Uncertainty of Wave Loading on Vertical Pile
This portion of the piece starts with 2008 ISOPE paper and Wave Forces on Slender Structures. Unbroken waves passing across the location of a slender structure (when L/D < 1/5; L is local wave length and D is structure dimension perpendicular to the direction of force) cause two different types of horizontal forces on it. The basis of determining them is the Morison equation (Morison and others 1950). Known as the drag force in the direction of velocity, the first is due to the difference in local horizontal velocity head or dynamic pressure between the stoss and the wake sides of structure. The second, the inertial force is caused by the resistance of structure to the local horizontal water particle acceleration.
Both of the Morison Forces have their roots in Bernoulli Theorem (Daniel Bernoulli; 1700 – 1782) – and as one can imagine, they are a function of water density – and of course, the structure size. The horizontal Drag Force: a function of water density, structure dimension perpendicular to the flow, water particle orbital velocity squared, and a drag coefficient. The horizontal Inertial Force: a function of water density, structure cross-sectional area, water particle orbital acceleration, and an inertial coefficient.
To demonstrate UP of wave loadings at the water surface on a cylindrical vertical pile of 1 meter diameter – this piece relies on the same example wave discussed in Linear Waves; Nonlinear Waves; Spectral Waves; Waves – Height, Period and Length and Characterizing Wave Asymmetry. This wave, H= 1.0 m; T = 10 second; d = 10 m; has a local wave length, L = 70.9 m and Ursell Number (Fritz Joseph Ursell; 1923 – 2012) = 5.1; indicating that the wave can be treated as a linear wave at this depth. Other used and estimated parameters are: water density = 1025 kg/m^3; amplitude of horizontal orbital velocity at surface = 0.56 m/s; and amplitude of horizontal orbital acceleration at surface = 0.44 m/s^2. In addition, while using most typical uncertainties proposed by Soulsby – the Us of wave length, orbital velocity and acceleration have no typical values – therefore they are derived in the 2011 paper and in this piece applying the basic UP principle.
The results of uncertainties in wave loadings are shown in the two presented images – one for the drag force (UDF), the other for inertial force (UIF). They are shown as a function of uncertainties in measured wave heights (U_H) for U_water density = 0.2% and U_linear dimension = 5%, with estimated U_cylindrical pile area = 10%. Since the uncertainties of coefficients (U_Cd and U_Cm) are not known, the images show three cases of them, 10%, 20% and 30%. Here are some numbers for U_H = 10% and 30%.
The shown uncertainties indicate that they increase nonlinearly as the U_H increases; and that nonlinearity associated with drag force is a showcase of higher uncertainty than the corresponding inertial forces.

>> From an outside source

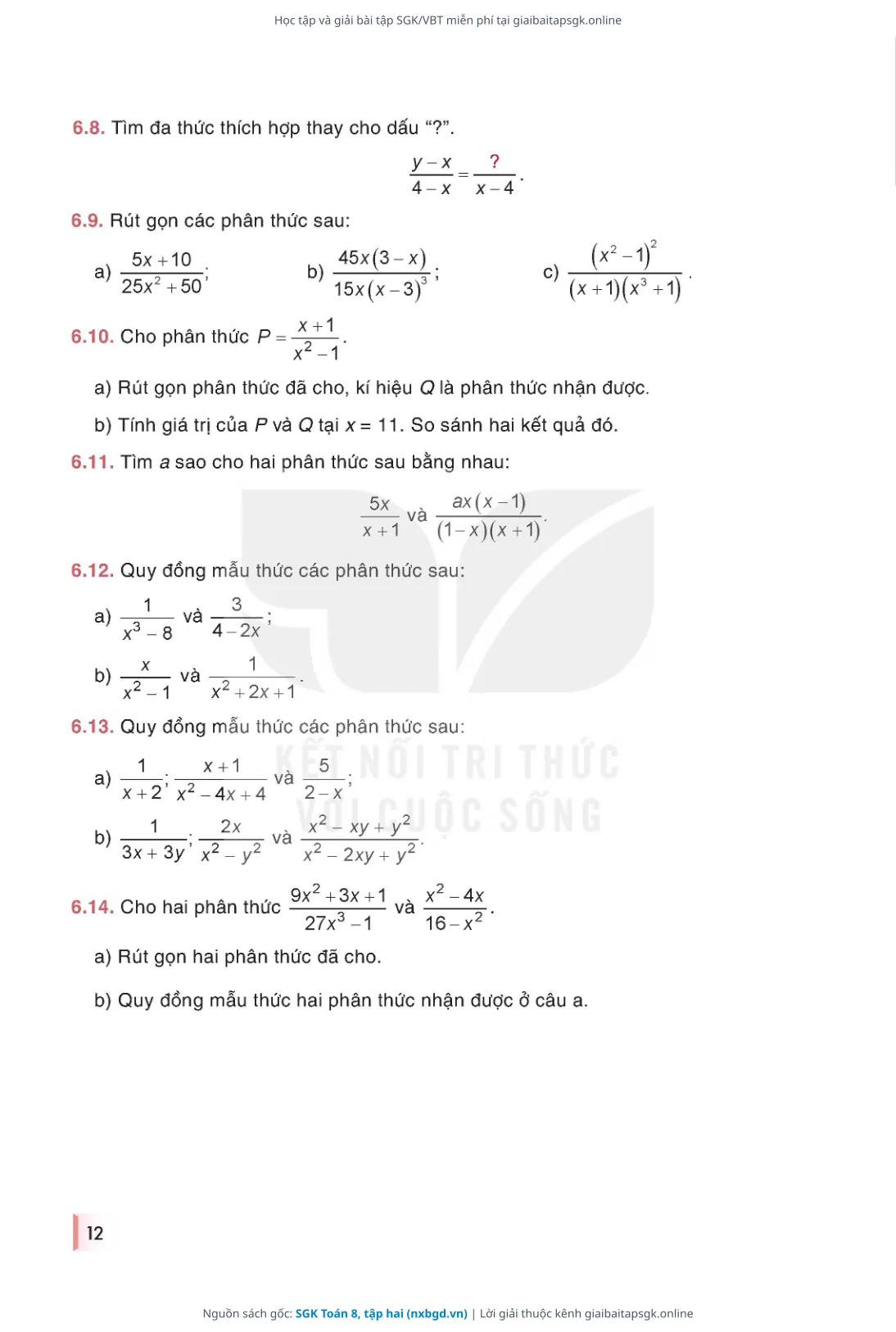 Trang 13 sách giáo khoa SGK Toán 8, tập hai thu nhỏ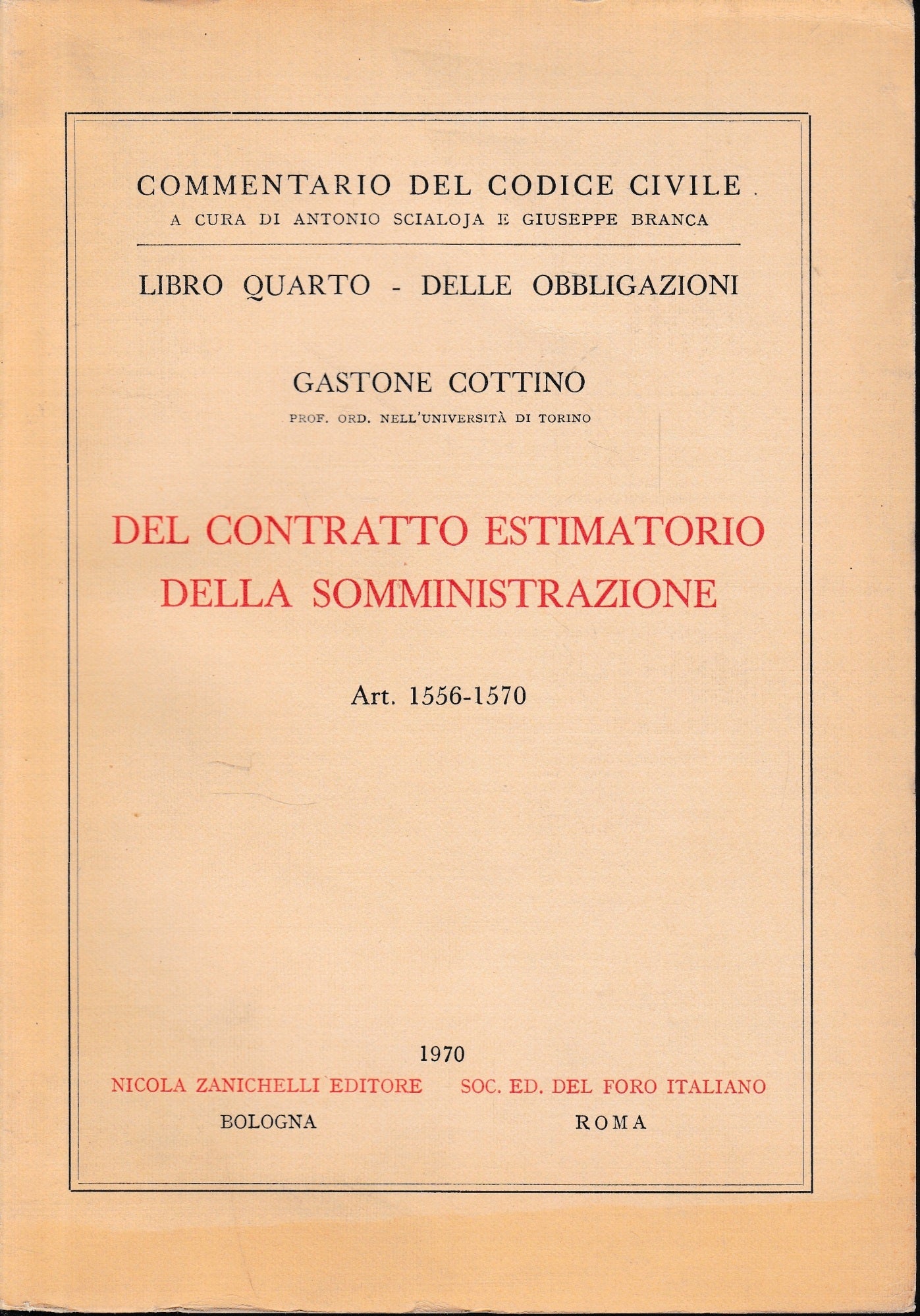Del contratto estimatorio della somministrazione, art. 1556-1570 - copertina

Uncertainty of Wave Loading on Breakwater Armor Stone
This portion of the piece primarily depends on materials developed and presented in the Breakwater (BW) piece posted earlier, as wells as on my 2011 paper. The state-of-the-art techniques in determining armor stone masses or sizes of rubble-mound breakwater and shore protection measures – rely either on Hudson Equation (RY Hudson 1958) or on VDM Formula (JW Van der Meer 1988). The applicability and relative merits of the two methods are elaborated in the Breakwater piece.
For simplicity of analysis, I will focus on the uncertainty of Hudson Equation. This equation relates Stability Number to the product of a stability coefficient (KD) and a BW side slope factor. The equation provides estimates of median armor stone mass as: a product of the stone density and wave height cubed – divided by the product of KD, side slope factor, and relative stone density cubed. It is assumed that armor stone is forced by H = 1.0 m on the BW seaside slope = 1V:2H; with stone density = 2650 kg/m^3 and water density = 1025 kg/m^3 giving a relative stone density = 2.59. The uncertainties of relative density and side slope factor are not known, they are estimated at 2.01% and 7.1% using basic UP principle.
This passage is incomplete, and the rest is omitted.